Mr. Barbour, the youth pastor at the church, said the game had led to a number of internal discussions prompted by elders who complained about its violent content. Mr. Barbour recently met for several hours with the church’s pastor and successfully made his case that the game was a crucial recruiting tool.

In one letter to parents, Mr. Barbour wrote that God calls ministers to be “fishers of men.”

“Teens are our ‘fish,” he wrote. “So we’ve become creative in baiting our hooks.”

Comments (4)

  1. db

    These churches are aware, presumably, that “pixels on a screen” have an influence on the behavior of teens when it comes to, say, pornography?

  2. Skylark

    The influence of video games (and any sort of media) over people has been hotly debated ever since those mediums were created. At one point, possibly in the 1930s, some believed in the “magic silver bullet theory,” which held that media sent out a direct influence over its consumers, and those consumers had no choice whatsoever in how they responded to it. At the opposite end, some believe a person’s media consumption has zero effect on his/her behavior, beliefs or thoughts.

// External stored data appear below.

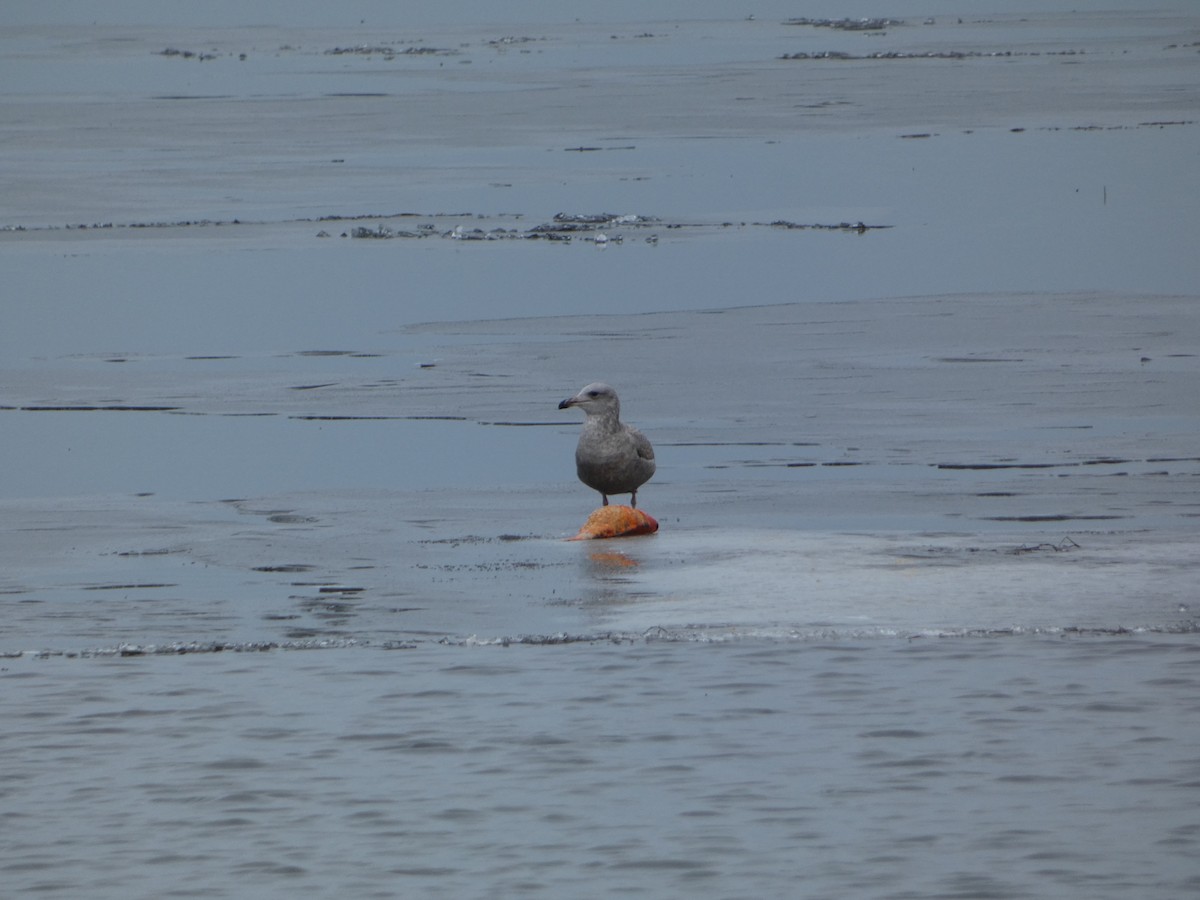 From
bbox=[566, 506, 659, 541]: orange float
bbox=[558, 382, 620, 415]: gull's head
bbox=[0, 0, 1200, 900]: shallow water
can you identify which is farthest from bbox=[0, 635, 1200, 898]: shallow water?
bbox=[558, 382, 620, 415]: gull's head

    I really don’t know where I stand. I wonder how much of the “effects” people point to as proof are things the consumers would have done regardless of a particular video game or movie. I hearing Playboy spokespeople argue soft porn actually reduces the number of rapes because it gives potential rapists an outlet for their urges other than actually raping someone. I doubt that’s the whole truth.

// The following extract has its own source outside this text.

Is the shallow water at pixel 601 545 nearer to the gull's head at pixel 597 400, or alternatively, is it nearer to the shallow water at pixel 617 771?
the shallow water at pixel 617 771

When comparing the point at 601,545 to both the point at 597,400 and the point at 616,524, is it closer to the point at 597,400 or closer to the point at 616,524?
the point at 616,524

    Another way to look at the issue is if it’s wrong to portray violence, et al, whether or not it affects people.

  3. ST (Post author)

    I was thinking more about the fact that Christian churches are USING this, and reducing Christianity to good and evil, who dies and who lives. It makes it harder to work for a future without war and hope for a future where people think and cultivate faith in a more complex fashion when it becomes so blatantly obvious that there are other people working constantly to dehumanize and simplify.

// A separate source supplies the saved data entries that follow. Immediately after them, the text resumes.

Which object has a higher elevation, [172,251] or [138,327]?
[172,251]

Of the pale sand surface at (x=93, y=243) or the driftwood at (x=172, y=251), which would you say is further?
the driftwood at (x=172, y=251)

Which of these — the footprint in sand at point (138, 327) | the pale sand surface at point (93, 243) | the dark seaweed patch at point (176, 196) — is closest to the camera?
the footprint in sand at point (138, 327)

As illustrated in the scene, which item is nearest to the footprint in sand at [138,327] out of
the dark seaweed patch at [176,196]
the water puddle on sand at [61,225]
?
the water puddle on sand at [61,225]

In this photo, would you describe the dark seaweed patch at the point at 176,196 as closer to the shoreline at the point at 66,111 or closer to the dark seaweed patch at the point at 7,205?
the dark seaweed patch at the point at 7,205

    I think we need to know how to respond, to stand up and address the issues that materialistic, thrill seeking, violent Christianity is proudly promoting.I don’t know how, exactly. Many of you have had these conversations multiple times. It would be interesting for me to hear the phrases you chose to say, the Biblical references you chose to use.

    Dehumanizing is disgusting, and African Americans are dealing with it in some poignant ways in these past weeks…Jena 6, the torture and sexual abuse of Megan Williams, and JUST THIS MORNING a noose was discovered hanging from a professor’s door at Columbia University, some blogs by students are saying that radical christians (i.e. KKK) and neo-nazi groups are on the rise again at their school.

  4. jdaniel

    Well, at least Focus on the Family has come out strong on this one:

    Focus on the Family, a large evangelical organization, said it was trying to balance the game’s violent nature with its popularity and the fact that churches are using it anyway. “Internally, we’re still trying to figure out what is our official view on it,” said Lisa Anderson, a spokeswoman for the group.

Comments are closed.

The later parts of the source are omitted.